===== TASK MATERIAL =====

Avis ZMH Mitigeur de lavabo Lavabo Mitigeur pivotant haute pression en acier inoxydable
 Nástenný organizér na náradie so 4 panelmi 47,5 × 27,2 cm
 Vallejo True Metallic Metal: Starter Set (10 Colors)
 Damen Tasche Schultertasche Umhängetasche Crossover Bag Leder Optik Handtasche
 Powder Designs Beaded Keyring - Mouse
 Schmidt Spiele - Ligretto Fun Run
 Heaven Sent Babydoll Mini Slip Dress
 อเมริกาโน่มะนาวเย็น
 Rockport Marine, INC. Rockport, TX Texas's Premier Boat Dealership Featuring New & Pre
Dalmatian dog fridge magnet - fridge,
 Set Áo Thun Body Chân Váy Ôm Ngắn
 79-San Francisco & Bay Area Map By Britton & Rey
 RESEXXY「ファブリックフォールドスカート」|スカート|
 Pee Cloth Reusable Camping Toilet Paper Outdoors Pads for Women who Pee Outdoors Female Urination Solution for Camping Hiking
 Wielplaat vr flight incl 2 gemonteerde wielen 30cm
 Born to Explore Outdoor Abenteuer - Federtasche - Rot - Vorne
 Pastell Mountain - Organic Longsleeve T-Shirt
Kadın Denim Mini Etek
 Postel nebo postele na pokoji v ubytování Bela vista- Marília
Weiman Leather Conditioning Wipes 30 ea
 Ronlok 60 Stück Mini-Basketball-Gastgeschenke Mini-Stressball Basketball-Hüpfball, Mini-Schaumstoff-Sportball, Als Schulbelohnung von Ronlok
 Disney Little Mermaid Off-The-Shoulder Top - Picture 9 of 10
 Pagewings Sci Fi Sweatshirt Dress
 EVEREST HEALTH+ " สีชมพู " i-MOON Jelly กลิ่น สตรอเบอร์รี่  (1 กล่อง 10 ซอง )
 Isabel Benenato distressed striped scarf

=====

= WORK TASK =
Starting at the line that has "Powder Designs Beaded Keyring - Mouse" in the records above, restate word for word every line until the one that has "Dalmatian dog fridge", and include that one as well.

= EXERCISE SOLUTION =
 Powder Designs Beaded Keyring - Mouse
 Schmidt Spiele - Ligretto Fun Run
 Heaven Sent Babydoll Mini Slip Dress
 อเมริกาโน่มะนาวเย็น
 Rockport Marine, INC. Rockport, TX Texas's Premier Boat Dealership Featuring New & Pre
Dalmatian dog fridge magnet - fridge,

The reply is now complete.